Still more threatening to the future of the package is the fact
that while Switzerland would be willing to eventually accept a minimum
withholding tax on non-resident savings as a possible way out, the Swiss
authorities would not be ready to agree to the EU's exchange of
information approach which is being forced on Luxembourg.
Swiss Economy Minister Pascal Couchepin told reporters on Wednesday
that the EU should welcome the Swiss offer to impose a withholding tax
on EU citizens who park funds in Switzerland to avoid EU savings taxes
instead of exchanging information.
"For the first time in the history of civilization, a country which
is not under the rule of another country is offering to raise taxation
freely for other countries," the minister said.
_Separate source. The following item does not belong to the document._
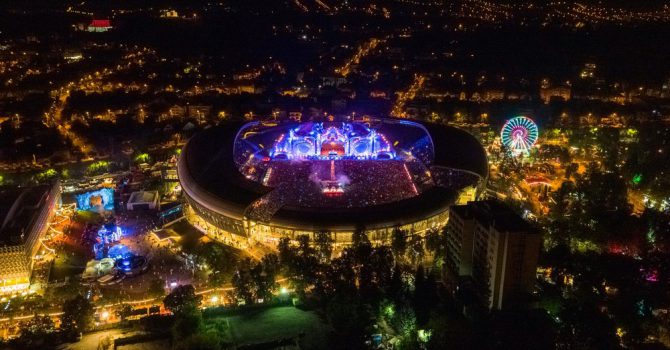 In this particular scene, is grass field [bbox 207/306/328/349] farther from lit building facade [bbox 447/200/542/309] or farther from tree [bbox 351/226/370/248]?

The Swiss will not, however, compromise their banking secrecy as
that in no way compromises ethical standards or allows money laundering.
Luxembourg MEP Astrid Lulling made clear that her country's
financial sector would not be ready to accept such a halfway house from
Switzerland. She insisted that only Swiss agreement to exchange
information on non-resident investors would satisfy Luxembourg.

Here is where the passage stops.